• Sat
  • Apr 19, 2014
  • Updated: 2:28pm
NewsChina
AGRICULTURE

Beijing vows respect for farmers' rights as it pushes rural land reforms

Annual policy statement recommits country to meeting own grain needs while pushing ahead with Communist Party's goal of rural land reforms

PUBLISHED : Sunday, 19 January, 2014, 6:03pm
UPDATED : Monday, 20 January, 2014, 3:57am

The central government pledged in a key policy document yesterday to respect farmers' rights while reaffirming its commitment to grain self-sufficiency and rural land reforms.

The broad policy statement was released as part of the so-called No 1 Central Document, which is issued jointly every January by the Communist Party's Central Committee and the State Council. The document sets priorities for the 12 months ahead and has focused on rural matters for 11 straight years.

This document mapped out "three rural issues" - agriculture, rural areas and farmers - and eight focus areas, including improving food security, modernising agriculture, deepening land reforms, ensuring sustainable rural development and encouraging innovation in rural finance.
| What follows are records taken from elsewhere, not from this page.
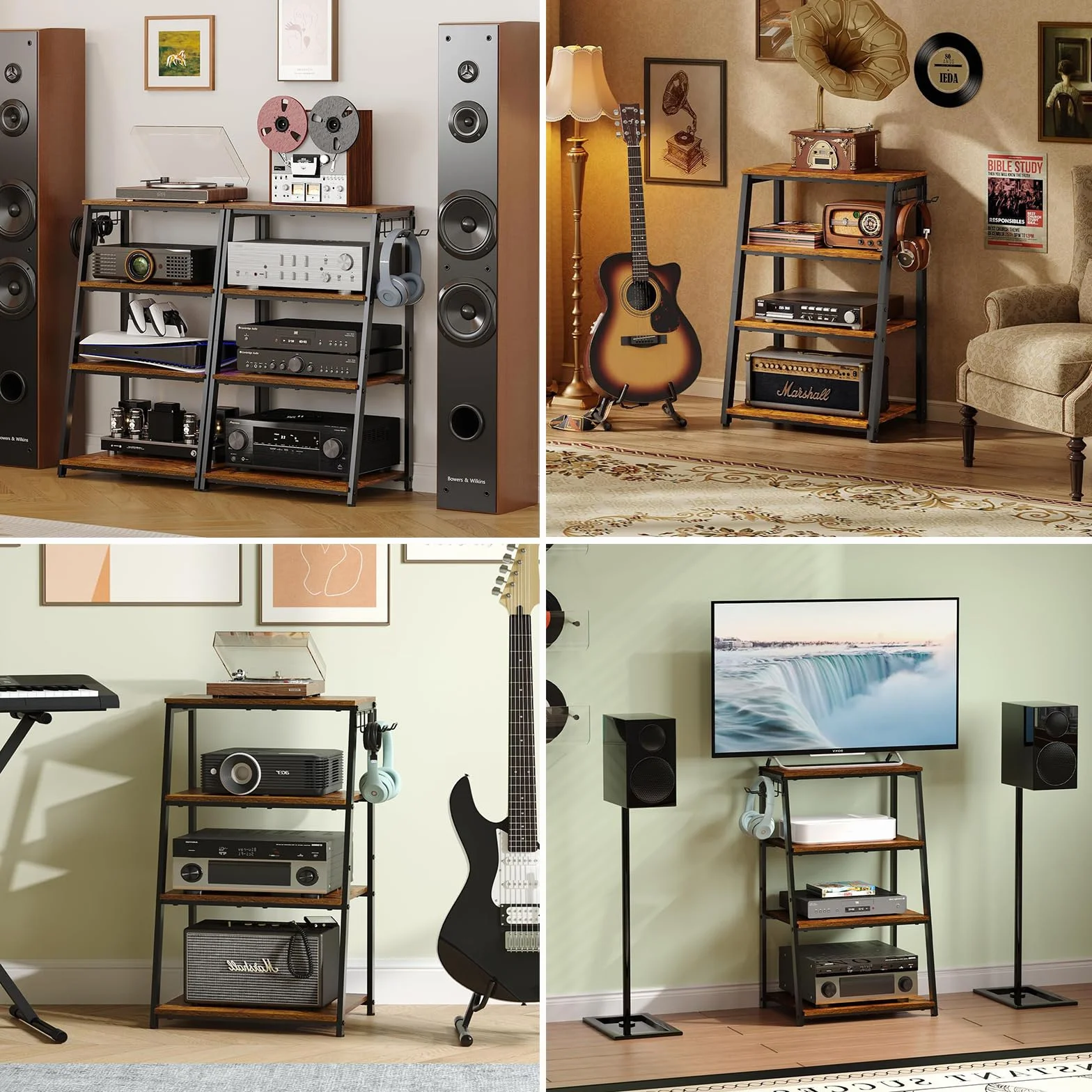TWSOUL 4-stopniowy regał HiFi, szafka na gramofon, drewniana i stalowa wieża audio, regał do gier z otwartymi półkami, do gramofonów i systemów stereo oraz instalacji kompaktowych, 48 x 36 x 80 cm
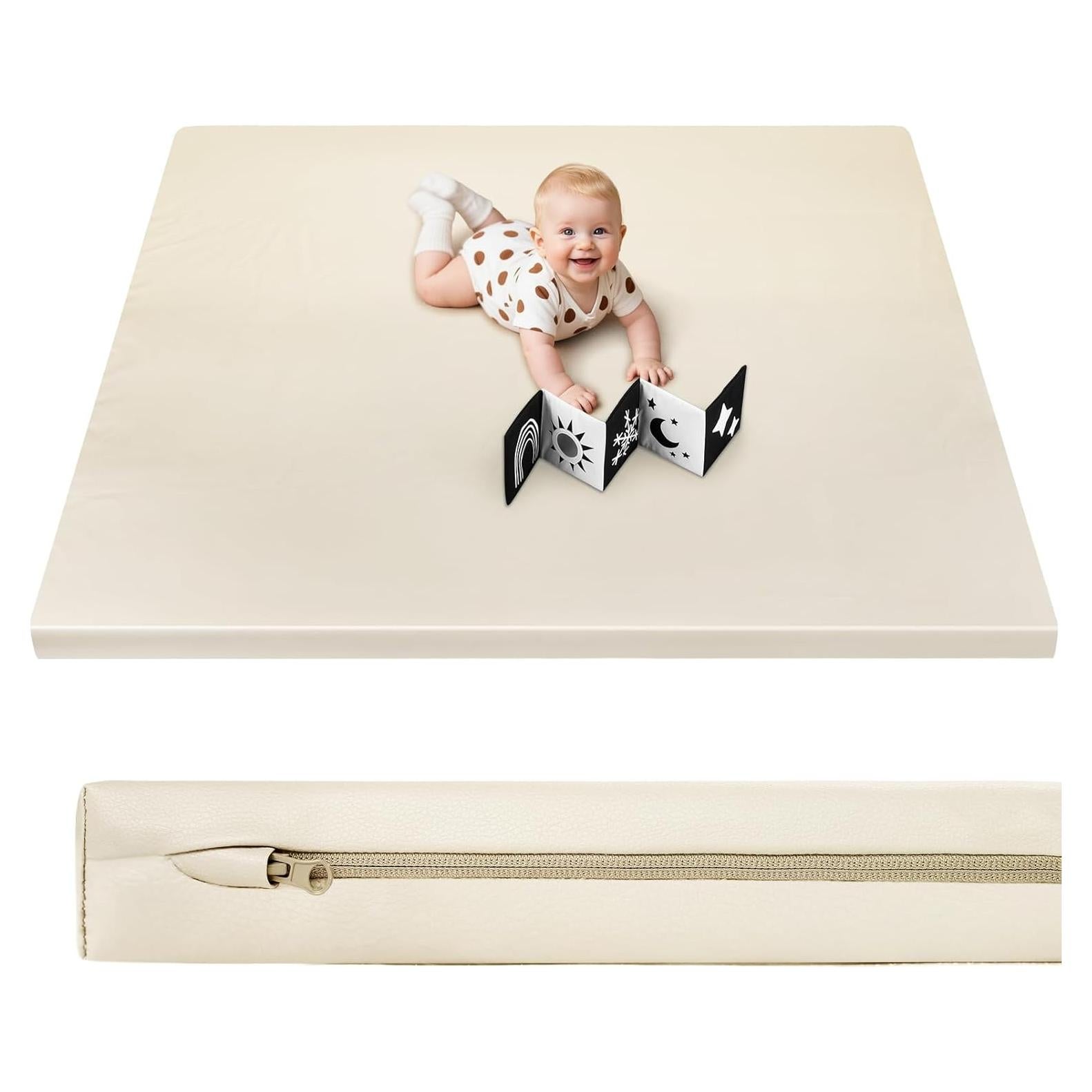 Alfombra de Juego para Bebés Foryoomi 127x127 cm Acolchada Beige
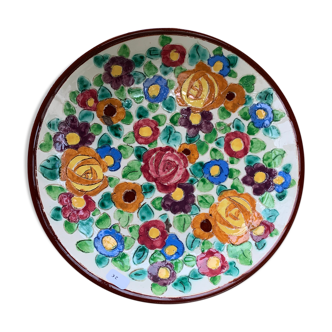 Coupe en céramique émaillée motif floral céram Monaco vintage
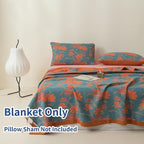 100% Cotton Muslin Blanket Jacquard Floral Flowers Bloosom Print Quilt, Soft Bed Cover Reversible Bedspread Coverlet Breathable Lightweight Bedding Full/Queen(78"x94"), No Pillow Sham - Image 2
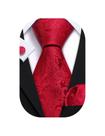 Conjunto de gravatas Barry.Wang Red Paisley Silk 150 cm de comprimento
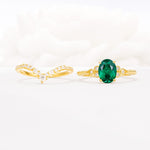 Oval Cut Emerald Vintage Engagement Ring Set with Chevron Band - White-Gold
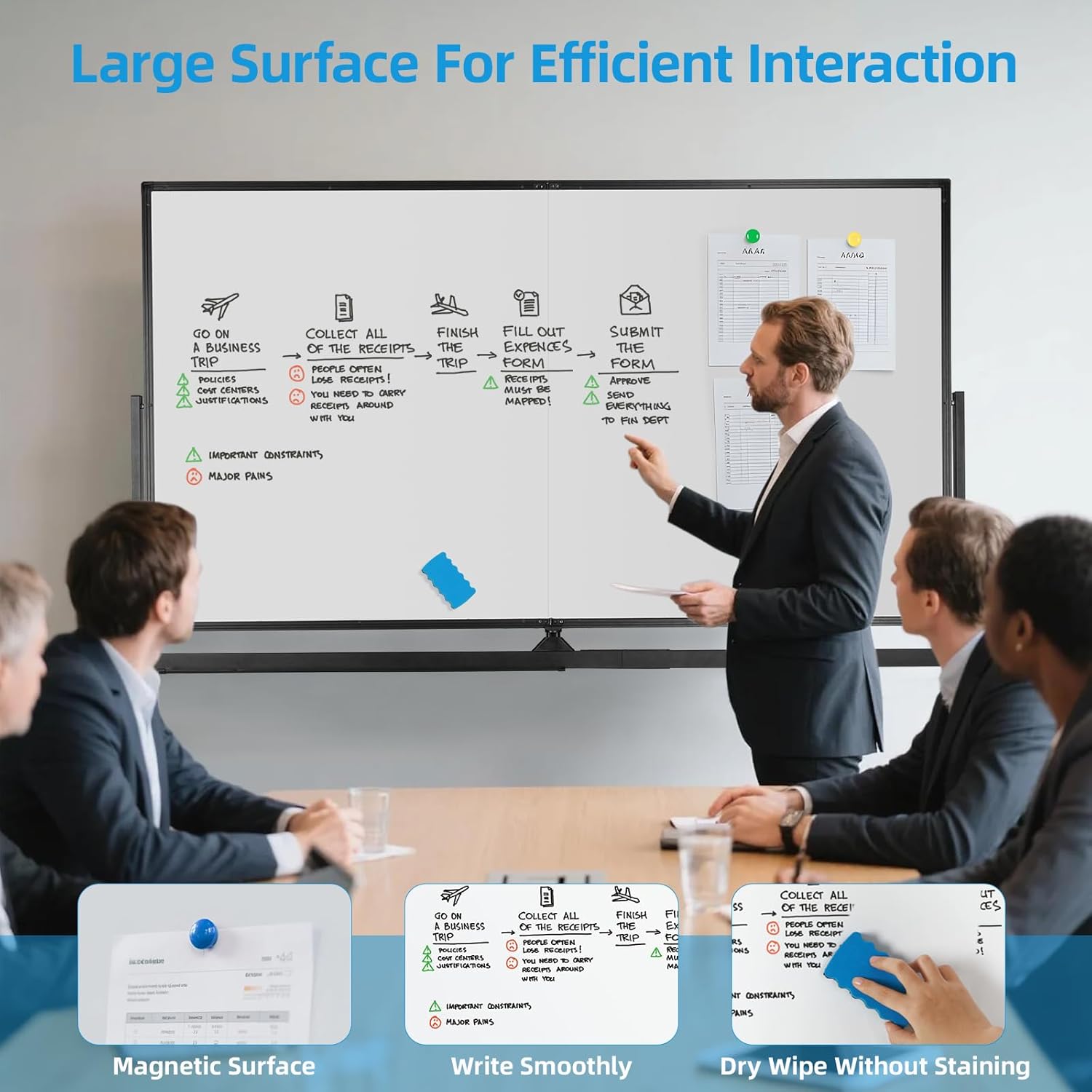 VOWNER Double-Sided Magnetic Whiteboard, 72" x 40" Large Mobile Dry Erase Board, Reversible Rolling White Board with Aluminum Frame & Stand, for Home Office, Classroom, School, Black
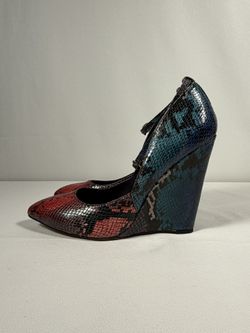 Multi-Color Faux Snakeskin Wedge Heels with Ankle Strap - Size 8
The document stressed that Beijing would continue to pursue "basic grain self-sufficiency" while allowing an "appropriate" amount of food imports from overseas. It also said the central government would respect farmers' creativity and support local experimentation with reforms. Uniformity would not be imposed and interim policies might be allowed.

Li Guoxiang, a professor at the Chinese Academy of Social Sciences' Rural Development Institute, said that respecting farmers' rights and taking the differences between villages in to account was conducive to healthy rural development.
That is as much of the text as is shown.